Ann nodded at all this.: And there—there it was, something more in
her than the crimping fear: a passion for rock, in a world of rock. Fetishes
could fix on anything. And all these people shared the fetish. Zo found it
peculiar to be among them, peculiar and intriguing. Certainly her leverage
point was coming clear. The guardian group had arranged a special ferry to
Miranda, to show it to Ann. No one else would be there. A private tour of the
strangest moon of all, for the strangest Red. Zo laughed. “I’d like to come
along,” she said earnestly.

 

And the Great No said yes. That was Ann on Miranda.
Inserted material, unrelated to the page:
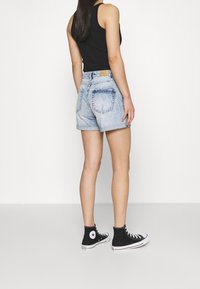 Džíny šortky v světle modré barvě s opotřebovaným vzhledem, s vysokým pasem, ohrnutým lemem a dvěma zadními kapsami. V kombinaci s černými vysokými teniskami.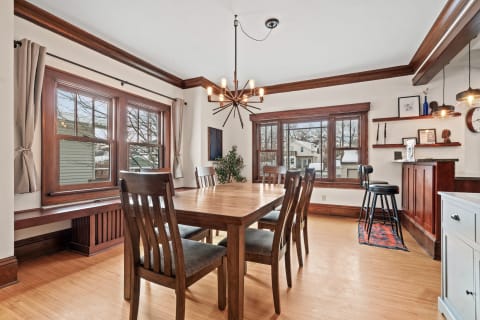 A well-decorated dining room with a wooden table, chairs, and large windows.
It was the smallest of Uranus’s five big moons, only 470
kilometers in diameter. In its early years, some 3.5 billion years before the
present, its smaller precursor had run into another moon of about the same
size; the two had shattered, then clumped, then, in the heat of the collision,
coalesced into a single ball. But the new moon had cooled before the coalescing
was quite finished.

The result was a landscape out of a dream, violently divergent and
disarranged. Some regions were as smooth as skin, others were ripped raw; some
were metamorphosed surfaces of two proto-moons, others were exposed interior
material. And then there were the deeply grooved rift zones, where the
fragments met, imperfectly. In these zones extensive parallel groove systems
bent at acute angles, in dramatic chevron formations, a clear sign of the
tremendous torques involved in the collision. The big rifts were so large that
they were visible from space as hack marks, incised scores of kilometers deep
into the side of the gray sphere.

 

They came down on a plateau next to the biggest of these hacked
chasms, called Prospero’s Rift. They suited up, then left the spacecraft, and
walked out to the rift’s edge. A dim abyss, so deep that the bottom looked to
be on a different world. Combined with the airy micro-g, the sight gave Zo the
distinct feeling of flying, flying however as she sometimes did in dreams, all
Martian conditions suspended in favor of some sky of the spirit. Overhead
Uranus floated full and green, giving all of Miranda a jade tinge. Zo danced
along the rim, pushing off on her toes and floating, floating, coming down in
little plies, her heart full of beauty. So strange, the diamond sparks of the
gas lanterns, surfing on Uranus’s stratosphere; the eldritch jade. Lights hung
across a round green paper lantern. The depths of the abyss only suggested.
Everything glowing with its own internal greenness, viriditas bursting out of
every thing—and yet everything still and motionless forever, except for them,
the intruders, the observers. Zo danced.